Ce grand tour, donc, opère à plusieurs niveaux. D’abord, il s’agit d’un voyage itinérant à travers le continent asiatique, de Singapour à Osaka, en passant par Bangkok, Saigon ou encore Manille. Début du XXème siècle oblige, Edward chemine en train et en bateau à la découverte de cultures étrangères, réveillant ainsi le souvenir des dandys aventuriers européens du roman d’aventures, Phileas Fogg du Tour du monde en quatre-vingt jours en tête. Cet héritage littéraire s’accompagne regrettablement d’une certaine fétichisation de l’altérité, construction d’un exotisme fantasmé hérité de l’Occident colonial, que l’on retrouve ici et là dans le regard de Gomes. Notamment dans l’écriture de personnages secondaires, comme la servante vietnamienne Ngoc, douce et docile, qui ne tarit pas d’éloge à propos de son maître et sa supposée bonté.

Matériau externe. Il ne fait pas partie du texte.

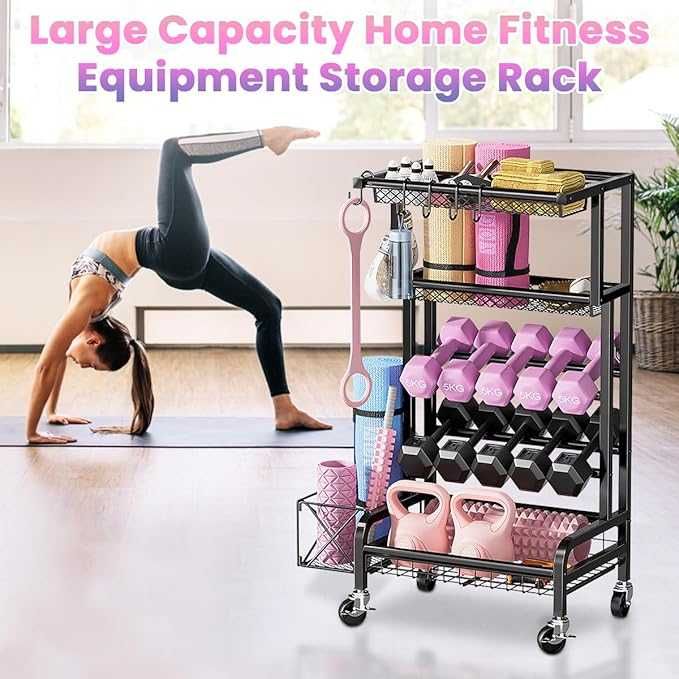 Suport multifuncțional pentru discuri de greutăți cu cârlige și roți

Mais le périple auquel nous invite Gomes s’effectue également à un niveau temporel : à la trame narrative principale située en 1918, s’ajoutent des images documentaires tournées lors d’un voyage de repérages. On y découvre des scènes de la vie quotidienne, que le réalisateur tente laborieusement de greffer à son récit par le biais de superpositions et d’une voix off très didactique, en vain. Sensation de vacuité redoublée par la structure binaire du film (Edward et Molly effectuent le même trajet, successivement) qui épuise par sa redondance. Ne reste alors que le talent manifeste du cinéaste à faire éclore sporadiquement des visions saisissantes dans un noir et blanc charbonneux : ici, une femme jouant de la musique avec les épines d’un bambou ; là, des singes se prélassant dans un bassin à l’écart de l’agitation humaine.
In fine, ce grand tour opéré par Gomes est surtout celui de son propre cinéma. De cette intrigue fine comme du papier à cigarettes, le cinéaste tire une série d’expérimentations esthétiques marquées par l’opposition. Jeu de contraste entre le passé tourné en studio dans un factice kitsch assumé, et le présent de la réalité brute et authentique. Entre la couleur associée aux rêves, nombreux, et au déclinaisons du spectacle (marionnettes, théâtre d’ombre, arts martiaux, etc), et le noir et blanc du récit fictionnel et documentaire. Des audaces formelles se résumant hélas trop souvent à des « trucs » un tantinet agaçants (des injures remplacées par un « bip » sonore, un travelling arrière dévoilant le plateau de tournage), finissant par dresser un mur infranchissable entre le spectateur et ses émotions. Gomes a beau s’affairer à tourner la manivelle de son petit carrousel de cinéma, on reste sur place.